町医者をしながら世の中最前線の動きを感知、駅前から所見を発信。

AIにも弱点

2018年06月11日 | 世の中

      

 人工頭脳(AI)で東大合格を目指した数学者の新井紀子さんが、五年ほど取り組んだ結果、どうもAIで東大に合格するのは難しいという結論を出された。AIに進歩がなかった訳ではなく、全国の大学の八割には合格できるレベルまでは達したようだ。何故トップクラスの大学に合格するレベルまで行けなかったかというと、AIは読解力が不十分で、その力を付けることが出来なかったからだ。

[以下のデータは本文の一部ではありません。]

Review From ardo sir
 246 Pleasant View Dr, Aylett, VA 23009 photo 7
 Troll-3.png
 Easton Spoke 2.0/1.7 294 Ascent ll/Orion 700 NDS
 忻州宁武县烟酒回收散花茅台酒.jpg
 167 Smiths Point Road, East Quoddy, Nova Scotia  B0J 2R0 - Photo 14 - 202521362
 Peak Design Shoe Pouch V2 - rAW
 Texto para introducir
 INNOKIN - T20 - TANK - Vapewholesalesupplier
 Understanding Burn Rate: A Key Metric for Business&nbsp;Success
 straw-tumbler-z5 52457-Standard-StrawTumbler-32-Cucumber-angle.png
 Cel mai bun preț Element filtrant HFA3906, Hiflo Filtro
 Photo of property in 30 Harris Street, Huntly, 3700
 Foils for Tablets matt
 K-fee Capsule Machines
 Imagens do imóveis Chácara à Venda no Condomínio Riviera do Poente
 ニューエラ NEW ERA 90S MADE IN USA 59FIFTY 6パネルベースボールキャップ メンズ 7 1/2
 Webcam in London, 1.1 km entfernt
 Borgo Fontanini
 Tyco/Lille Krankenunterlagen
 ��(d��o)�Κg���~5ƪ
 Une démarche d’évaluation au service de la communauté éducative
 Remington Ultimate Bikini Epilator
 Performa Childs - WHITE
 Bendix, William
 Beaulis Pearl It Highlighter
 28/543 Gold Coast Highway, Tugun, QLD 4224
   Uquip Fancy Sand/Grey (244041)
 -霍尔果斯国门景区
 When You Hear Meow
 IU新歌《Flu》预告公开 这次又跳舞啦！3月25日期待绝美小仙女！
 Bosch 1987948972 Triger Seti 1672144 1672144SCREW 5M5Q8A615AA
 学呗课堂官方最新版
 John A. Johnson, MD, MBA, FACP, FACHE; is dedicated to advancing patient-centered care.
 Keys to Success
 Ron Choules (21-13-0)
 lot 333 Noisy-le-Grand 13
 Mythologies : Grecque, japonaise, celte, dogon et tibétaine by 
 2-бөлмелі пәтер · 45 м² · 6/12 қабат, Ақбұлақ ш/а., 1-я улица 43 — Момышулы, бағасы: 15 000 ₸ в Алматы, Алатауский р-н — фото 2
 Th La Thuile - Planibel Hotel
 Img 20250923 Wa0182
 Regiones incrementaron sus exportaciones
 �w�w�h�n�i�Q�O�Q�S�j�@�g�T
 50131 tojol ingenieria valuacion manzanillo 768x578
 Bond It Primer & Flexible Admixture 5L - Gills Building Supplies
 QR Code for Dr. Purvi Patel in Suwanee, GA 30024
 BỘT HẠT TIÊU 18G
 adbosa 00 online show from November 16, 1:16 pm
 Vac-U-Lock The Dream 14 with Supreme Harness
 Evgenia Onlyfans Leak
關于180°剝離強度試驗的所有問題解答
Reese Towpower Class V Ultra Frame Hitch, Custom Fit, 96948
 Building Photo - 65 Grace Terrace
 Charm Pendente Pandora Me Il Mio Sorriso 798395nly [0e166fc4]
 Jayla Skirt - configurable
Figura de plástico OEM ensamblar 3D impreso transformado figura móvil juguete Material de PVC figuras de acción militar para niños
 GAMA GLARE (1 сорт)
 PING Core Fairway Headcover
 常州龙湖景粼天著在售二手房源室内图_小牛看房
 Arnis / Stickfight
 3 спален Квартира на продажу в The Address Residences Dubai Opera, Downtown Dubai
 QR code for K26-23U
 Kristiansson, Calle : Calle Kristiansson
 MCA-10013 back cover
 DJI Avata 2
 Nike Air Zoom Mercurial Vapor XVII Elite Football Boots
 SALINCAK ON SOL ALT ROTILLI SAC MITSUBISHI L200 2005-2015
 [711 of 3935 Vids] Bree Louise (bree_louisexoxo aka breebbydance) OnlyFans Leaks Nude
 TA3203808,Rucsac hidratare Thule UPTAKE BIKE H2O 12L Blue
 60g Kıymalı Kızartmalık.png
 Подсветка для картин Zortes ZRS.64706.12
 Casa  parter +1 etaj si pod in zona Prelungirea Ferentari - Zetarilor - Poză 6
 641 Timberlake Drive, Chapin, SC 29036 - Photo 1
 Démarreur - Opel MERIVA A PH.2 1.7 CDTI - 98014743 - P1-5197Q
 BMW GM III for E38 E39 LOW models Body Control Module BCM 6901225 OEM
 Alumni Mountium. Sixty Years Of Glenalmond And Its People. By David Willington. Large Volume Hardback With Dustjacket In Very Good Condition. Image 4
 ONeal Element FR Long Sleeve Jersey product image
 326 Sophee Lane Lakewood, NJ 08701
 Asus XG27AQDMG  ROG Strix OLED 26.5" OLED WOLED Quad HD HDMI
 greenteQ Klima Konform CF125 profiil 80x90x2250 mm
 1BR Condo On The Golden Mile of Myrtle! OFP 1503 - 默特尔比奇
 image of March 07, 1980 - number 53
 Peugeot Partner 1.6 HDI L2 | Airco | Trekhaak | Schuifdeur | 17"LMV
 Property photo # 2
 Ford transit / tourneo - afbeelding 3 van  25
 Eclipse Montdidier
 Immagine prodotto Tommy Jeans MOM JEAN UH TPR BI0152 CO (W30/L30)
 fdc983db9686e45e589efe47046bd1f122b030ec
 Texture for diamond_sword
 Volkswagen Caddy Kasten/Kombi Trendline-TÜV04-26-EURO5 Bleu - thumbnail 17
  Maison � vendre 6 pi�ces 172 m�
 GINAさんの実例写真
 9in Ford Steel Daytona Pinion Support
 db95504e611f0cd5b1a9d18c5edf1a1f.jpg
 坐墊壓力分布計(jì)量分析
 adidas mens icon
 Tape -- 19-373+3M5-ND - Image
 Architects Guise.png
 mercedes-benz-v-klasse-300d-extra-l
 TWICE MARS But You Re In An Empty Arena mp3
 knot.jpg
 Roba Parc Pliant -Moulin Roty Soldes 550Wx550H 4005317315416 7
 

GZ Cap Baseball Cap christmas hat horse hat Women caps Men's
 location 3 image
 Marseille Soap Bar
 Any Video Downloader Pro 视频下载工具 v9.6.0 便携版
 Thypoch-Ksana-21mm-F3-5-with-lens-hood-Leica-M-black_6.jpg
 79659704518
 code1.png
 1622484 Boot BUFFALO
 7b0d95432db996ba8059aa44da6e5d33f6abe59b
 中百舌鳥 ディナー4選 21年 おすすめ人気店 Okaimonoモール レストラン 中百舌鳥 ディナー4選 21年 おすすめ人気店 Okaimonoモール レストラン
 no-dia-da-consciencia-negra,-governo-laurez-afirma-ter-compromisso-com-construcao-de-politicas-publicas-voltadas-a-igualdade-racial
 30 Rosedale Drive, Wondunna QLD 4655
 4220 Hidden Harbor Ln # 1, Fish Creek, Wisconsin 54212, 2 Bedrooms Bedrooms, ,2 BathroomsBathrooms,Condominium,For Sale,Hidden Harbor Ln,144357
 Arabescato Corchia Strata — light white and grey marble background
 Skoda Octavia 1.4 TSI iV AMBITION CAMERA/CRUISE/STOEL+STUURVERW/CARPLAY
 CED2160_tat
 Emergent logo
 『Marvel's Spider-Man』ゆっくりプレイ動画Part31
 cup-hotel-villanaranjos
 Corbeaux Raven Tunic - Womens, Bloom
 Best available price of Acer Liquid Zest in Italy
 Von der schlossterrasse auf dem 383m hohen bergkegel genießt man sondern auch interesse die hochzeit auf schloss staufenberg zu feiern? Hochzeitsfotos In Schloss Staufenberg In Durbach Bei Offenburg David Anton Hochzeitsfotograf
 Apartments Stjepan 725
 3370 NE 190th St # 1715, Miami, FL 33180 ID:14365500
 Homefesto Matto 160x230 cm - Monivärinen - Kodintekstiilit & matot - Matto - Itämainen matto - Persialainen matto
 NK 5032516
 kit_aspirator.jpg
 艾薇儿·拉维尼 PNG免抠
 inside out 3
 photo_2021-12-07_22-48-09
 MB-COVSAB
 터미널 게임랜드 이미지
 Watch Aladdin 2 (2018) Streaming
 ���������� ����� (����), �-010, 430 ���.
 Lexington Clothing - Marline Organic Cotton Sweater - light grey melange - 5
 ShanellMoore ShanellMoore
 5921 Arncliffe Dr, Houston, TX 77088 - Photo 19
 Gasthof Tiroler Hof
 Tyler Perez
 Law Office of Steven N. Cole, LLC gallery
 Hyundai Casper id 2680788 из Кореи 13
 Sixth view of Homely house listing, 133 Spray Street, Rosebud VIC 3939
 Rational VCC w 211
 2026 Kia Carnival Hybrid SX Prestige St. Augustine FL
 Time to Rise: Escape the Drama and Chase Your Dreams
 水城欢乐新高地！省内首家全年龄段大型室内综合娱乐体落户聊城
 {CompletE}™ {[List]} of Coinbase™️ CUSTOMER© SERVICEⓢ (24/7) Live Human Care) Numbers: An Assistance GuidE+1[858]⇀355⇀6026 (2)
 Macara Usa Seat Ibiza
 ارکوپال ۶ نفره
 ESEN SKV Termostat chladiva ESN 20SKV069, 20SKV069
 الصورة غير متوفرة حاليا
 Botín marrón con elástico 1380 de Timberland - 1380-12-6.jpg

 なぜ読解力が付かなかったかというとか、それはAIを作り上げている数学に限界があるからだというのが新井さんの説明だ。論理、確率、統計という数学の言葉では表記できない能力を人間は持っている。AIは意味を読解するのが苦手で、碁や将棋は強くなれても玄妙飄逸な落語は演じられない、古今亭志ん生や柳家小三治には取って代われないというわけだ。それに以心伝心や恋愛といった数式に落としにくい能力が足りないらしい。

 成る程、人間の独自性が保たれて一安心というという気もするが、実際の所AIは一部のトップクラスの知能を持つ人間の総合解答力には及ばなくても大多数の人を越える解答力を持つようになっているし、計算ではどんなに優れた人間をも遠い昔に凌駕している。そして応用実用化は着実に進歩しており、多くの仕事が十年二十年後にはAIやAI付きロボットに取って代わられると予測されている。それはとりもなおさず、職を失う人達が数多く出てくるということで、新井先生はそれを憂慮し、そうした社会変化に対する準備や対策が必要といくつかの提言をされている。

 彼女のこうした言明にAI研究者やマスコミからの反応は少ないようだ。AI研究者は言われなくても分かっているのか討論する時間が惜しいのか、マスコミは難しい話景気の悪い話は嫌うのか避けるのか正面から取り上げない。

 私には門外漢ではあるが新井さんのお話は腑に落ちた。田中角栄は頭数と喝破していたようだが、民主主義は単純な多数決ではないと考えるようになった。敬意や尊重のない尊重すべきものを吟味できない頭数は間違うと予言したい。新井さんのお話は傾聴すべきもので、誰もが考えてみた方がいいと思う。